Vir Campestris <
vir.campestris@invalid.invalid> writes:
On 23/07/2024 15:34, Tim Rentsch wrote:
>
Vir Campestris <vir.campestris@invalid.invalid> writes:
>
[...]
>
I was hoping for some feedback, even if very brief,
before I continue.
>
Sorry, I was slow. It's really odd, I'm retired, and I ought to
have lots of time for things like this... and yet I seem to be
busy all the time.
No worries, I understand.
I'm sorry to be so long in responding. Among other things
there was some sort of snafu with my news server, resulting
in hundreds of lost and/or duplicated messages, and that
took a while to sort out.
On 20/07/2024 15:41, Tim Rentsch wrote:
>
Vir Campestris <vir.campestris@invalid.invalid> writes:
>
On 02/07/2024 07:20, Tim Rentsch wrote:
[...]
Both divide and mod can be simplified if we use a different
representation for numbers. The idea is to separate the
number into a mod 30 part and divided by 30 part. An
arbitrary number N can be split into an ordered pair
>
N/30 , N%30
>
stored in, let's say, an 8 byte quantity with seven bytes
for N/30 and one byte for N%30. Let me call these two
parts i and a for one number N, and j and b for a second
number M. Then two form N*M we need to find
>
I suspect the cost of extracting the divided value from the 7
bytes will be prohibitive. You may find it's best to have one
table for the N/30 parts (big entries, word aligned) and another
for the N%30 part (small entries, byte aligned). BICBW.

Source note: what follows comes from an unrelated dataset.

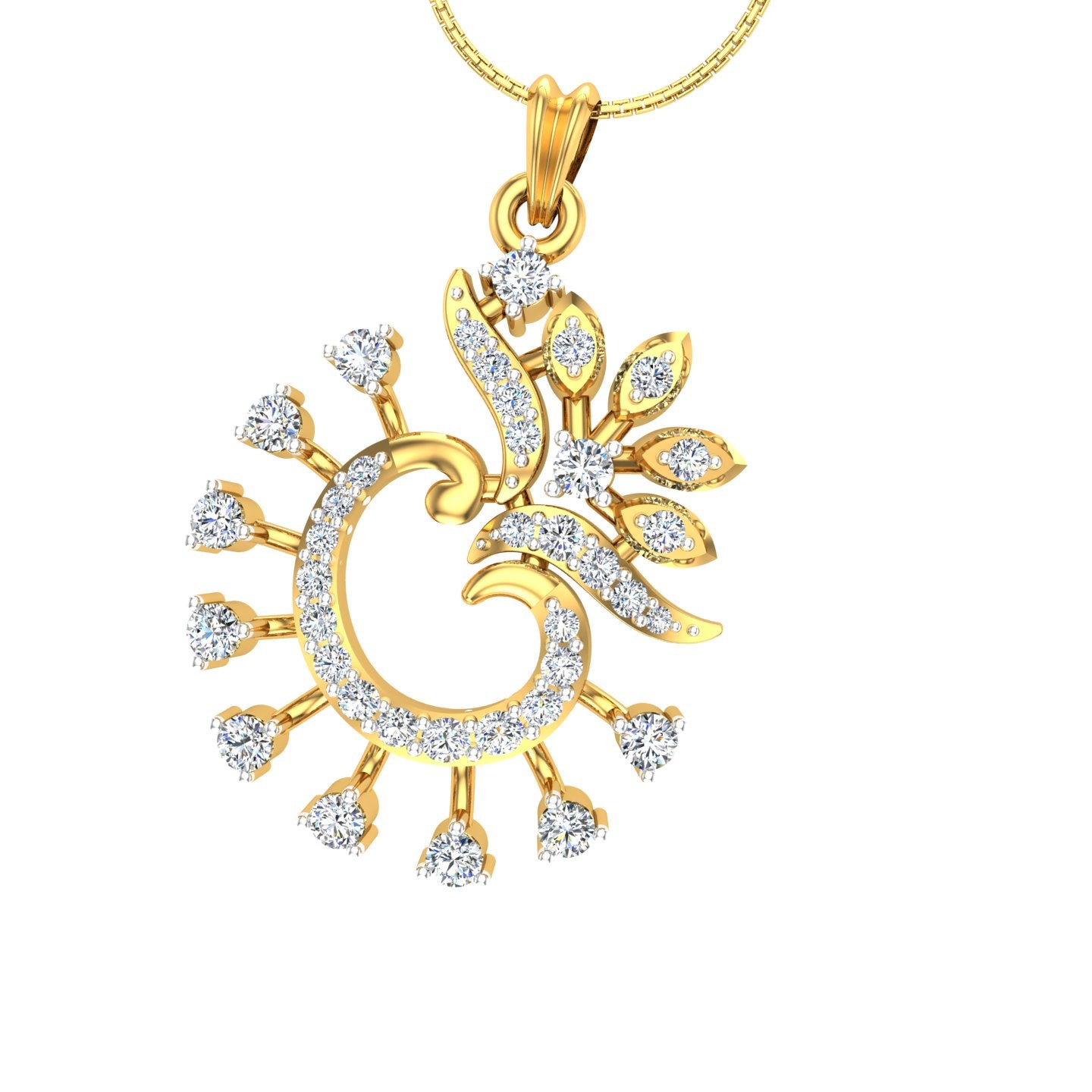 The Maurya Diamond Pendant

Two tables, absolutely. What does BICBW stand for?
(i*30+a) * (j*30+b)
>
which is
>
(i*30*j*30) + (i*30*b) + (j*30*a) + a*b
>
Of course we want to take the product and express it in
the form (product/30, product%30), which can be done by
>
30*i*j + i*b + j*a + (a*b)/30, (a*b)%30
>
The two numbers a and b are both under 30, so a*b/30 and
a*b%30 can be done by lookup in a small array.
>
30*i*j + i*b + j*a + divide_30[a][b], modulo_30[a][b]
>
Now all operations can be done using just multiplies and
table lookups. Dividing by 30 is just taking the first
component; remainder 30 is just taking the second component.
>
One further refinement: for numbers relatively prime to 2,
3, and 5, there are only 8 possibles, so the modulo 30
component can be reduced to just three bits. That makes the
tables smaller, at a cost of needing a table lookup to find
and 'a' or 'b' part.
>
Does this all make sense?
>
Yes, it does. It's not a direction I was thinking of at all,
although I too had table lookups in mind.
>
What I had considered is an extrapolation from my original code.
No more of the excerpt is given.